Reputation: 393
I am trying to get the name of a car model as it appears on the website but for some reason (after trying the all of the following), it doesn't seem to work.
import requests
from bs4 import BeautifulSoup
import pandas as pd
url = "https://www.carsales.com.au/cars/results?offset=12"
r = requests.get(url)
soup = BeautifulSoup(r.text, "html.parser")
model_name = soup.find_all('a', attrs={'data-webm-clickvalue':'sv-view-title'})
final_model_name = model_name[1]
clean_model_name = final_model_name.text
clean_model_name = clean_model_name.replace("\r", "")
clean_model_name = clean_model_name.replace("\n", "")
clean_model_name = clean_model_name.strip()
clean_model_name = clean_model_name.rstrip()
print(clean_model_name)
I have also created a variable that contains the whole sentence I want to remove (which works) which is then parsed in the strip function, but the MY14 element of it changes based on the year of the car. Creating a variable for each year doesn't seem very efficient.

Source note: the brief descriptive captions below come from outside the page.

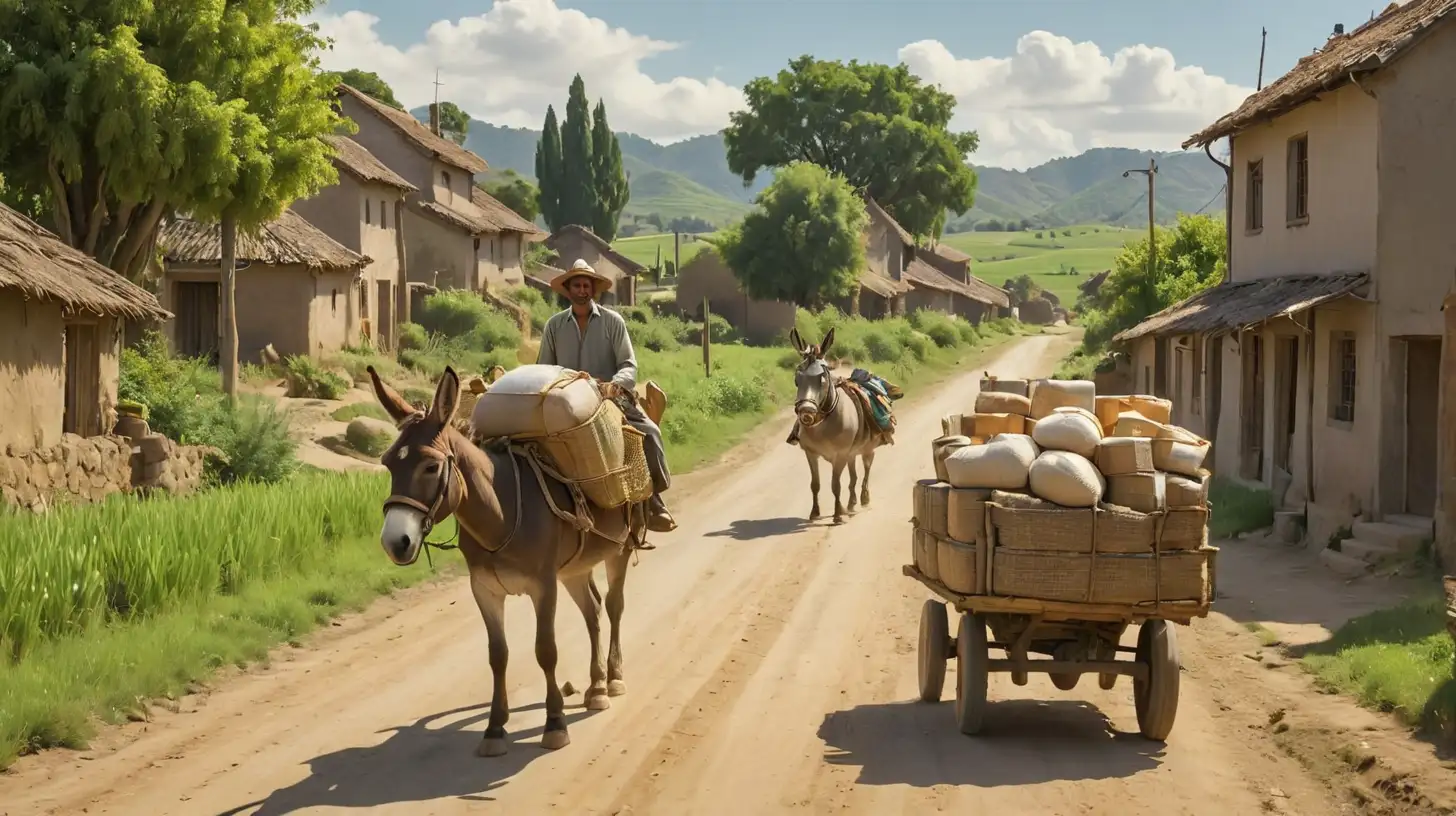 Genera una imagen de un pueblo rural con casas modestas y un hombre junto a un burro cargado con mercancías.
Crea una escena soleada donde el hombre y el burro están en un camino de tierra con campos verdes a su alrededor. negative prompt show only 4 lags, one head, one body, 2 ears and 2 eyes.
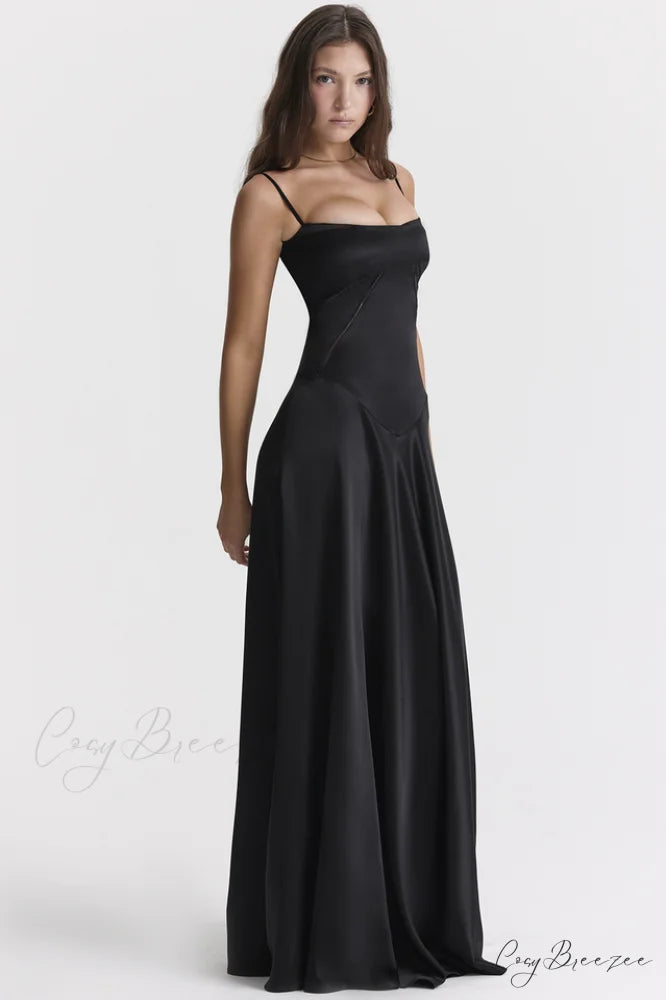 Anabella Black Lace Charming Up Maxi Dress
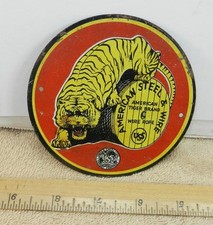 Placa de exibição vintage americana de aço e fio marca tigre loja de corda óleo gás USS!, usado comprar usado  Enviando para Brazil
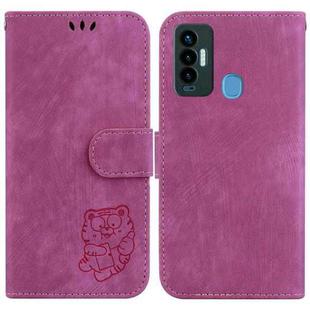 For Tecno Camon 18i Little Tiger Embossed Leather Phone Case(Rose Red)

Some indexes return clean results, however, others return the following (scroll across):
2014 Holden Cruze SRi Z Series JH Series II Auto MY14 Manufacturer Marketing Year (MY) The manufacturer's marketing year of this model.
I don't need any of the details after the car model - after researching, strip()

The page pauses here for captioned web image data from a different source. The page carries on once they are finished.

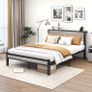 King Size Bed Frame with Storage Wooden Headboard Image 8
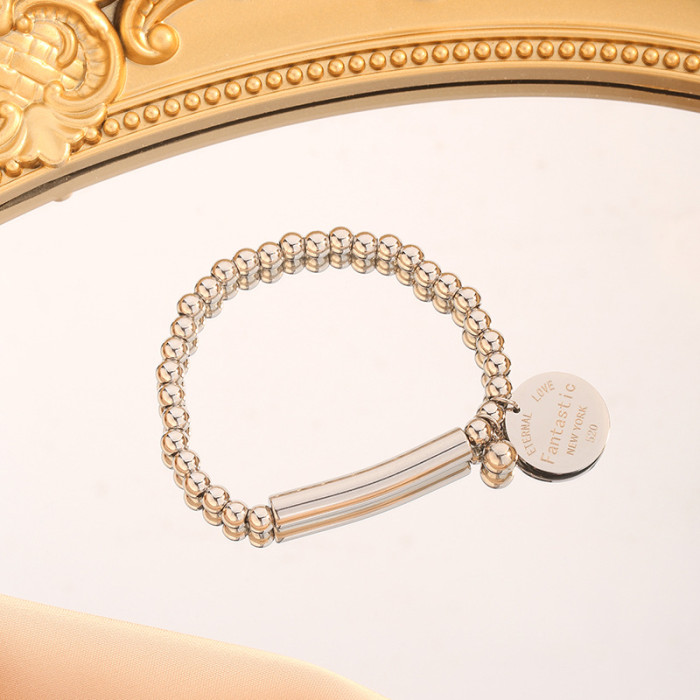 Simple Round Bead Titanium Steel Bracelet for Women Fashionable Versatile Letter Round Plate Bracelet Internet Celebr...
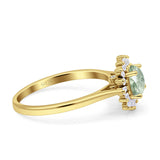 Art Deco Round Natural Floral Ring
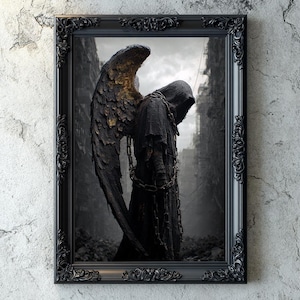 Fallen Angel with Golden Wings and Chains, Gothic Dark Fantasy Wall Art, Printable Oil Painting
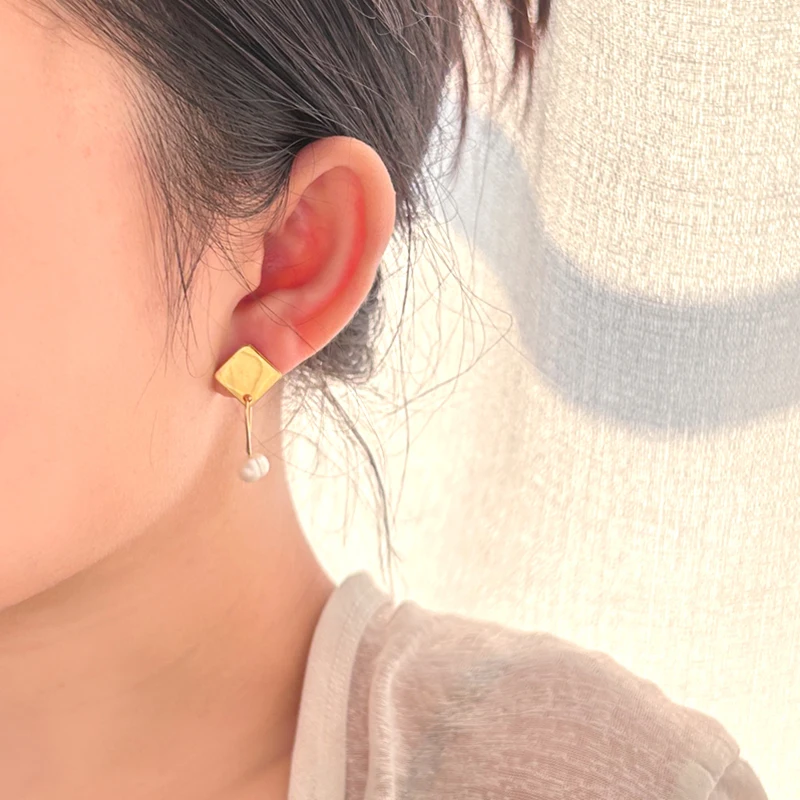 Роскошные длинные квадратные серьги-подвески из пресноводного жемчуга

should remove white space either side (but in this case it doesn't) and rstrip()
should remove everything to the right (but in this case it doesn't)
I have successfully created a for loop which loops through each of the cars on this page, but some rows in the DataFrame are extended due to the additional unwanted text.
Upvotes: 1
Views: 181
Reputation: 628
strip() would only remove the white space characters at the front and rear of the string that you are working with, you can try this:
import requests
from bs4 import BeautifulSoup
import pandas as pd
url = "https://www.carsales.com.au/cars/results?offset=12"
r = requests.get(url)
soup = BeautifulSoup(r.text, "html.parser")
model_name = soup.find_all('a', attrs={'data-webm-clickvalue':'sv-view-title'})
final_model_name = model_name[1]
clean_model_name = final_model_name.text
clean_model_name = clean_model_name.strip().split()[:5]
clean_model_name = ' '.join(clean_model_name)
print(clean_model_name)
I noticed that most of the model names have 5 key parts (the year, brand and the model) so I used [:5] to get the first five elements of the model name, but if you want to minus the first series element then just change the value to 3. strip() helps to split the model name by the spaces. Hope this helps
Upvotes: 1